PROBLEM DESCRIPTION: After locating the line with "Tapis bleu Prisco" in the entries below, set down exactly that line and each one after it to the end, skipping pictures.

(Captioned web images)

──────────

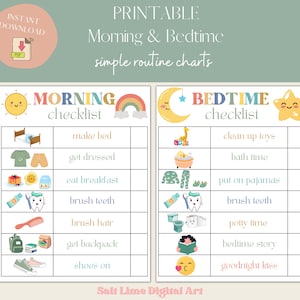 Rutina a la hora de acostarse para niños, Lista de verificación de rutina matutina, Tabla de responsabilidad imprimible, Tabla para niños, Descarga digital instantánea PDF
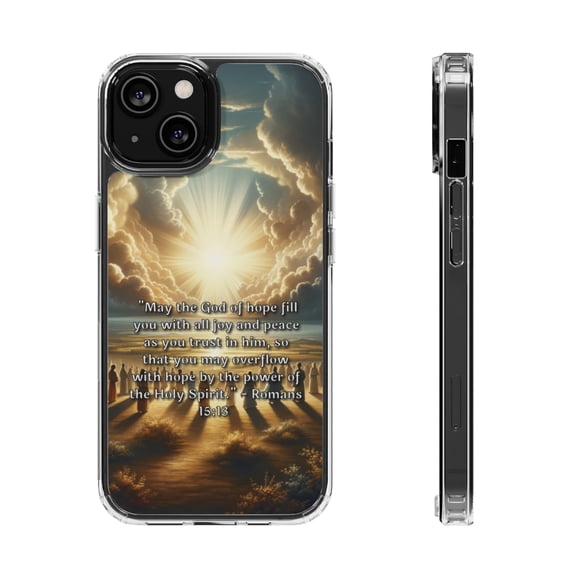 DistinctInk Hybrid (Acrylic / TPU) Clear Slim Fit Case for Apple iPhone 12 (6.1" Screen) - "Overflowing with Hope: Romans 15:13 - A Message of Joy and Peace"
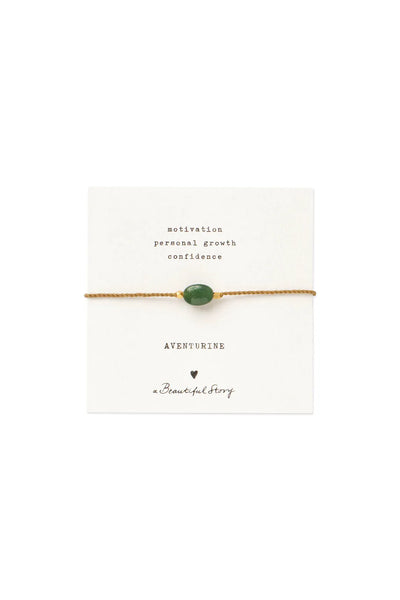 A Beautiful Story Gemstone Card Aventurine Bracelet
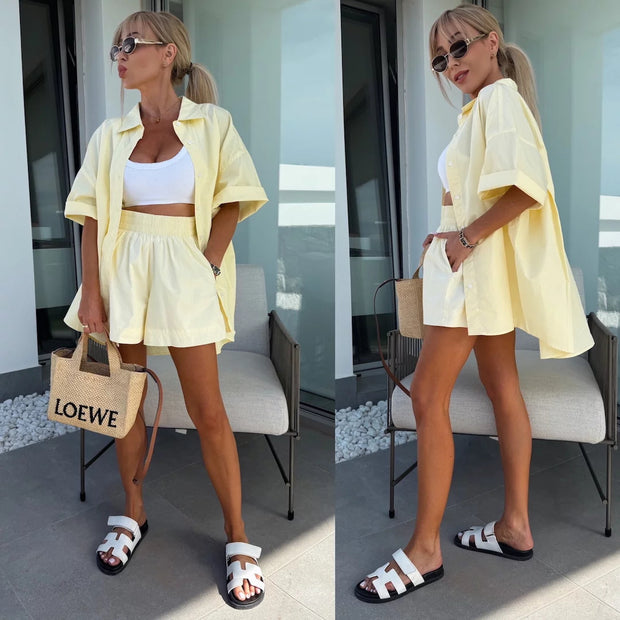 Shirt Elastic Sports Shorts Two-piece Set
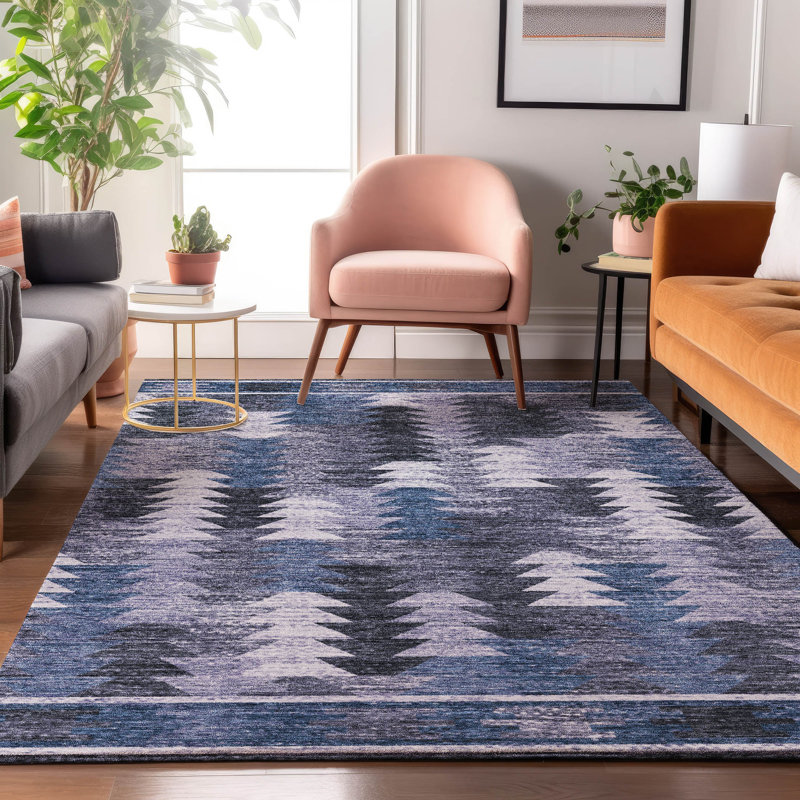 Tapis bleu Prisco lavable à la machine de qualité supérieure, Rectangle 9 pi x 12 pi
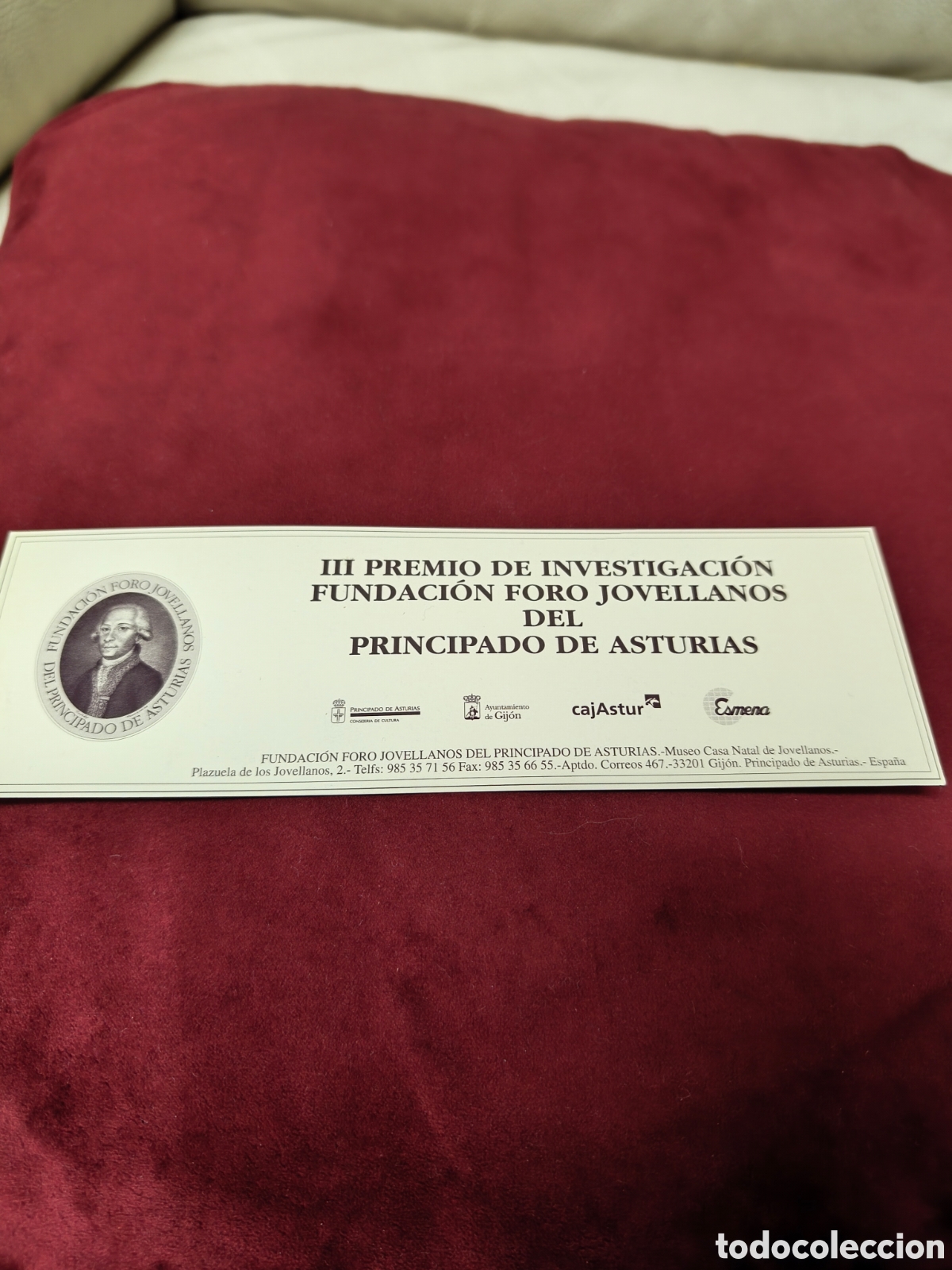 Coleccionismo marcap&aacute;ginas: Marcap&agrave;ginas.III Premio de Investigaci&oacute;n Fundaci&oacute;n Foro Jovellanos del Principado de Asturias.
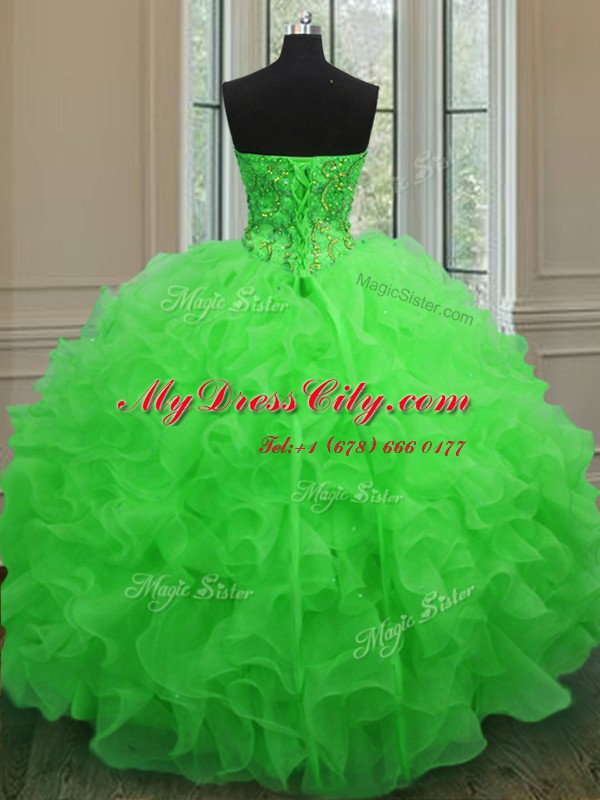 Colorful Ball Gowns Organza Sweetheart Sleeveless Beading and Ruffles Floor Length Lace Up Sweet 16 Dress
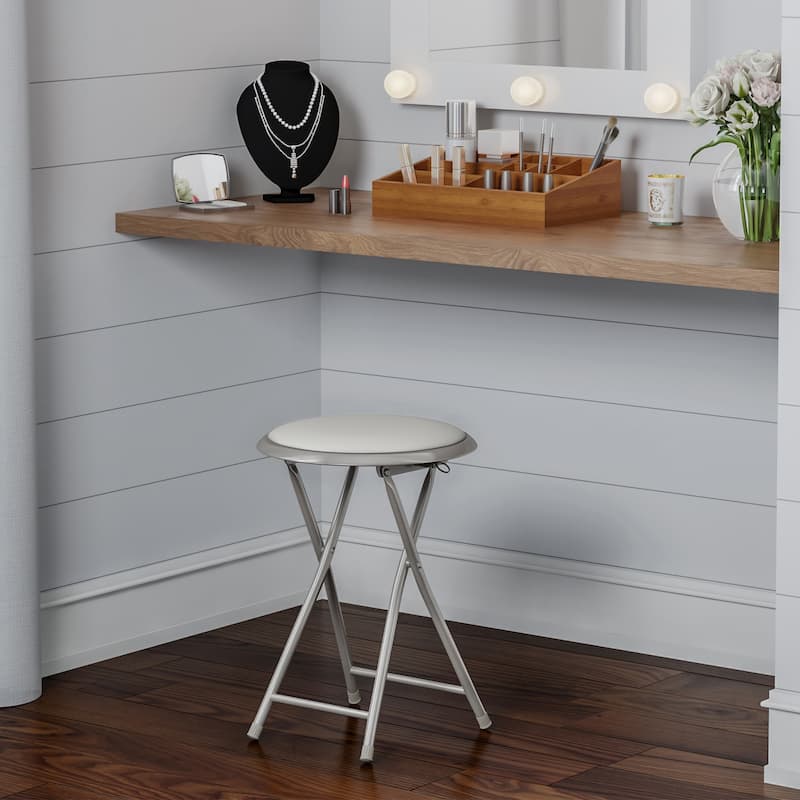 Lavish Home 18-Inch Folding Stool, White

──────────

SOLUTION TO THIS EXERCISE:
 Tapis bleu Prisco lavable à la machine de qualité supérieure, Rectangle 9 pi x 12 pi
 Coleccionismo marcap&aacute;ginas: Marcap&agrave;ginas.III Premio de Investigaci&oacute;n Fundaci&oacute;n Foro Jovellanos del Principado de Asturias.
 Colorful Ball Gowns Organza Sweetheart Sleeveless Beading and Ruffles Floor Length Lace Up Sweet 16 Dress
 Lavish Home 18-Inch Folding Stool, White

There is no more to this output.